## PROBLEM
Give the data again exactly as written, skipping any pictures.

## INPUT DATA
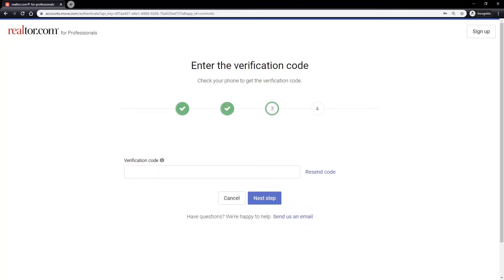Retrieve the verification code on your phone as previously selected and enter it into the provided verification code field, then click the next step button.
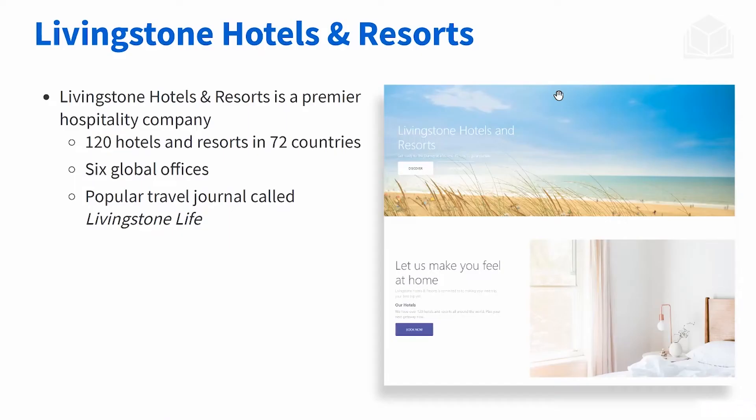We're going to be using this example company called Livingston Hotels and Resorts. This company will help us understand things better because they're a very large company. You can see here they have six global offices and they publish a popular travel journal called Livingston Life.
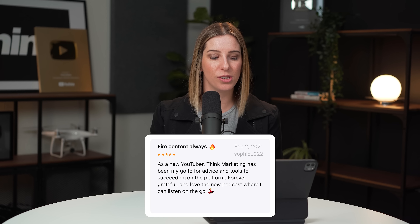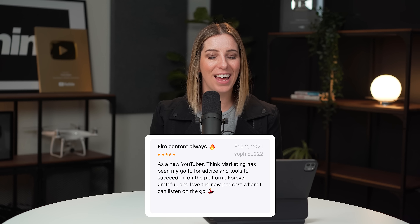Today's review comes from SophieLew222. She says: as a new YouTuber, Think Media has been my go-to for the advice and tools to succeeding on the platform — forever grateful and love the new podcast where I can listen on the go. Yes, we are here to help you with the tools to succeed on this platform. I hope you got a lot of value out of this episode — share it with a friend. I'm sure you know other purpose-driven content creators who should be rocking their YouTube channel. I cannot wait to see you in our next episode.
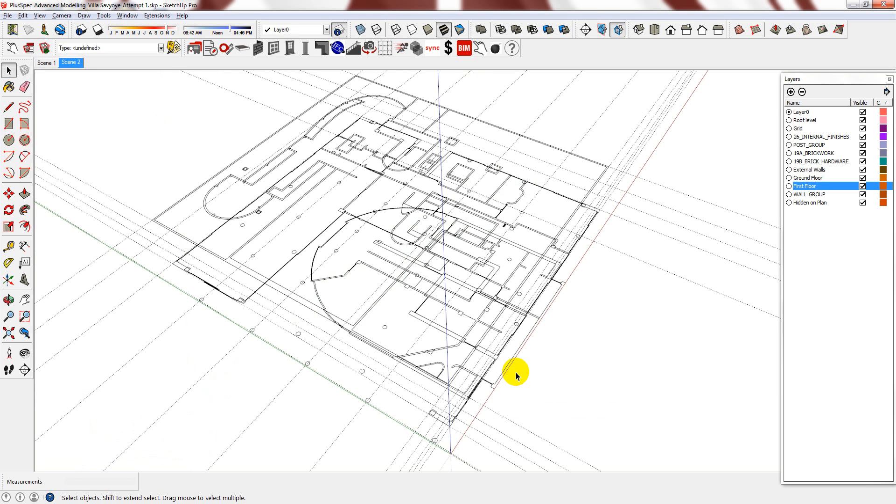Hi. Because I'm drawing from existing plans, the next thing I like to do is ensure that I've created all of the relevant wall types that have been used throughout this project.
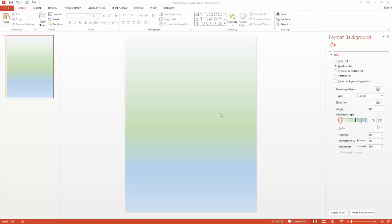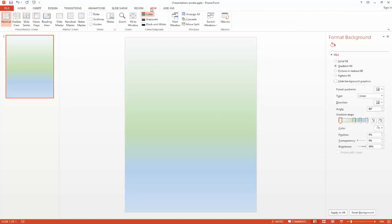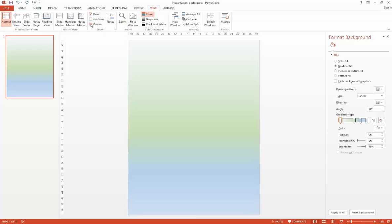To add guides, select the View tab and in the Show group, select Ruler and Guides.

## RESPONSE TO THIS TASK
Retrieve the verification code on your phone as previously selected and enter it into the provided verification code field, then click the next step button.
We're going to be using this example company called Livingston Hotels and Resorts. This company will help us understand things better because they're a very large company. You can see here they have six global offices and they publish a popular travel journal called Livingston Life.
Today's review comes from SophieLew222. She says: as a new YouTuber, Think Media has been my go-to for the advice and tools to succeeding on the platform — forever grateful and love the new podcast where I can listen on the go. Yes, we are here to help you with the tools to succeed on this platform. I hope you got a lot of value out of this episode — share it with a friend. I'm sure you know other purpose-driven content creators who should be rocking their YouTube channel. I cannot wait to see you in our next episode.
Hi. Because I'm drawing from existing plans, the next thing I like to do is ensure that I've created all of the relevant wall types that have been used throughout this project.
To add guides, select the View tab and in the Show group, select Ruler and Guides.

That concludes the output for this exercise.